O esposo ou esposa que trai seu conjugue, o faz pelo prazer momentâneo, embora tenha consciência que aquilo vai detonar sua vida, pelo menos por um tempo bem maior. O sujeito que coça freneticamente sua frieira, o faz pelo prazer louco que aquilo lhe trás, e nem quer saber, embora saiba, que aquilo vai maltratar severamente seus dedos.
Salto desse trem de divagações, para dizer que continuo respeitando àquela advertência, ainda que, até hoje nunca sofrera a fragosa conseqüência.
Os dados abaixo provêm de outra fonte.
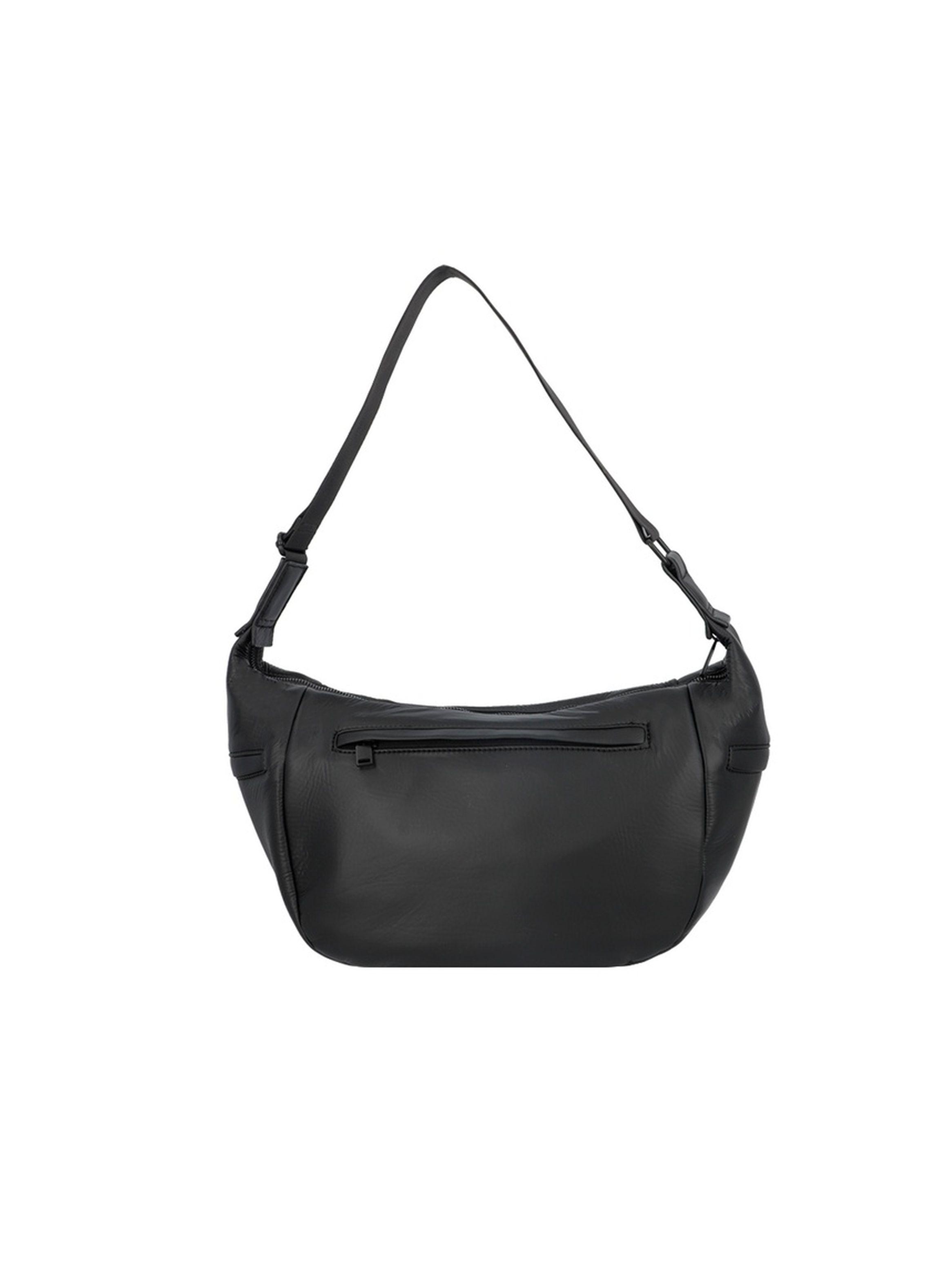 Cartera de hombro Xtrem Anna 2.0 5XT Negro M-2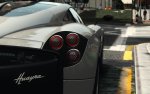 GTAIV 2012-10-08 18-05-34-46.jpg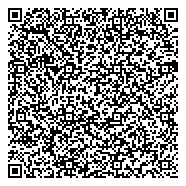 QR код "Муниципальная информационно-библиотечная система г. Новокузнецка, МБУ"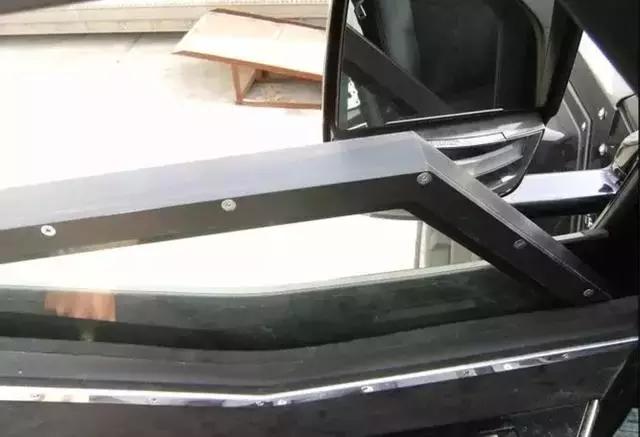 洗一次车400元的洗车店,洗车店洗车多少钱一次正常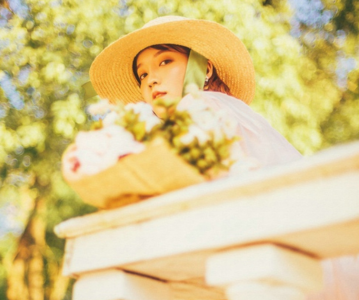 ​经典祝福端午节短信大全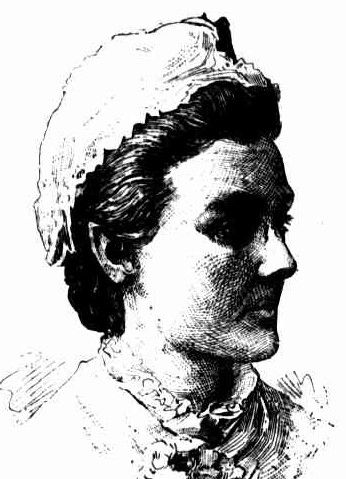 File:Frances Gillam Holden.jpg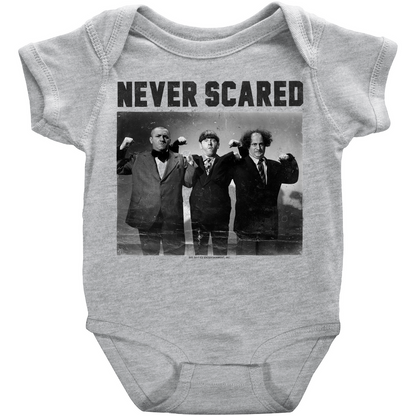 Apparel-DTG-InfantClothing-RS-4400-Newborn-HeatherGrey-Unisex-CF-20250421103714402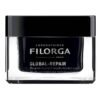 Filorga Global Repair baume ushqyese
Voltando ao meu embevecimento: ao alcance das mãos e os mais variados temas, sem catalogação alguma; alcancei um de artes plásticas. Capa dura, fotos descoloridas, artistas que nunca ouvira falar... Mas me auxiliavam com o estilo barroco, art nouveau... Puxei um que me atraiu pelo tamanho; anatomia. Tentei procurar como funciona um intestino, a celebrar o casamento da teoria com a prática. Deixei de lado. Direito civil... Técnico em Eletricidade; magnetizado foi meu pensamento à imagem daquelas caveiras nas cabines de alta tensão; casa-de-força, para leigos. História... Astrologia. Será que astros exercem influência em tudo? Pensei no pobre Plutão. Na mitologia grega, era o deus dos submundos. Agora um deus anão. Deveria arrancar a folha e colá-lo à parede daquele submundo, mas nem espaço na parede, nem coragem em mim havia. Peguei uma enciclopédia. Observem que o critério é dos maiores para os menores. Do geral para particular. Tentei mais uma vez, ser eu mesmo, pano de fundo aos estudos. Procurei uma palavra, que não sei se feia, técnica ou aristocrática, mas era a que meu pai empregava quando eu era menino: evacuar. Ajudariam muito se naqueles tempos dispuséssemos de gírias como, passar um fax; libertar a marmota; escorregar o moreno, entre outros. Por fim, era a grande chance de um destrinchamento do termo. Mas nada. Joguei a obra – à enciclopédia, me refiro. Passei a relembrar que quando moleque, traduzia a expressão como um ajuntamento coloquial de palavras; resumo de uma frase assim: “... e vá cuar, menino!”. Mais tarde, sabendo que “cuar” não era nada, e colegiando, achei que tinha a ver com vácuo. Um ato para deixar um vácuo interno. Quando comecei a ouvir as notícias das atrocidades da polícia no regime da ditadura, abandonei tudo que já havia pensado e julguei ter meu pai, um homem simples, mas campeão de palavras cruzadas, feito confusão com termos: evacuar era então, abandonar uma praça de guerra.
Bem, foi o que acabei fazendo. Peguei minhas compras e evacuei. Não necessariamente nesta ordem.